Despite being packaged in surrealist, neon-bathed satire, the universal importance of the core issues Heathers tackles—suicide, mental health, self-image, empathy—is not lost on Cox. “So much of Heathers is exploring how terrible people can be, and how the signs that someone needs help can be there, and people just don’t reach out.”

The innate duality of character and self-presentation—even when it comes to the mean girl—plays another major role in the show’s unsurprisingly timely narrative: “We tried to explore what it actually means to be a good person, but in a very extreme, not-grounded-in-reality way. Everybody has shortcomings and things that they’re doing wrong. And everybody, for the most part, is trying to be good, but sometimes they don’t realize they’re being hypocritical. Heathers definitely explores all of that but from the standpoint that everyone is a little bad, and I think that’s really interesting. Heathers will make people feel for people that they don’t want to feel for.”

Meanwhile, for diehard fans of the original cult classic, Veronica Sawyer 2.0 promises that she’s not, like, trying to kill your best friend. “I totally understand people being nervous. It’s always a scary thing whenever something that you love is being rebooted or remade because that’s just terrifying,” Cox empathizes.

“Our show is very much a love letter to the original. In no way are we a replacement, though, or a remake—it lives in its own world. I think that for Heathers fans, when they watch the show, they will feel relieved and also excited because it’s something that contains a lot of pieces of what we know and love, but it’s different. I think it will give them something new to enjoy.”

And while it’s hardly reaching to say that an entire generation of little girls grew up wanting to be just like Winona Ryder, ultimate cool girl and star of movies like Edward Scissorhands and Girl, Interrupted, for Cox, her approach to filling the iconic actress’ shoes was less about starry-eyed emulation and more about paying homage.

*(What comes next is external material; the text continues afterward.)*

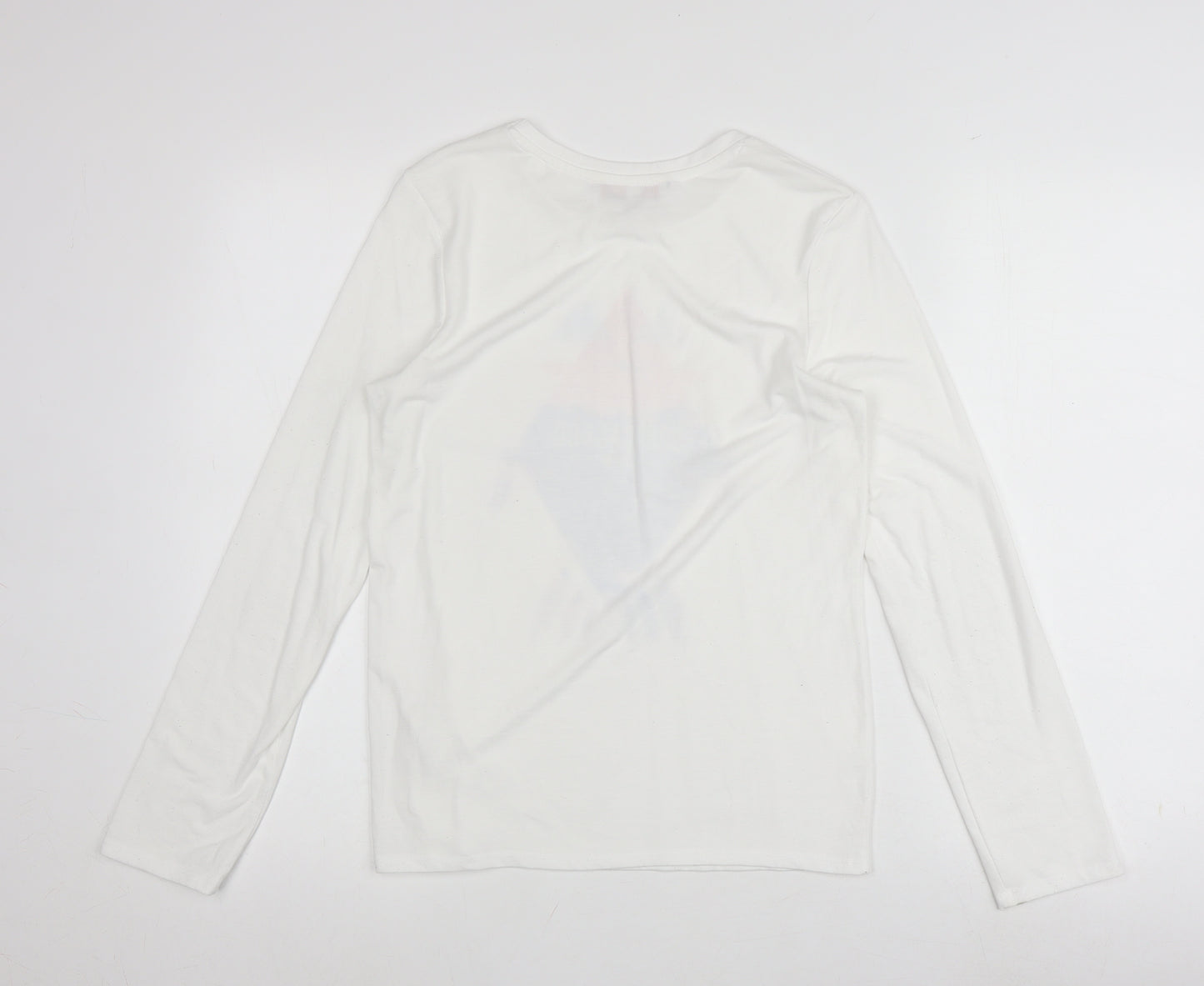 Soulcal & Co Boys White Long Sleeve Graphic Print T-Shirt 13 Years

“I watched Heathers for the first time when I was younger. I watched it again when I found out I was auditioning for the role … And then I tried not to watch it anymore because Winona was the perfect Veronica Sawyer. I just didn’t want to compare myself to her too much … I could use what she had done as a good blueprint when I needed something to draw from, but I didn’t want to study it too much because I am in no way trying to be like Winona—I would fail miserably!”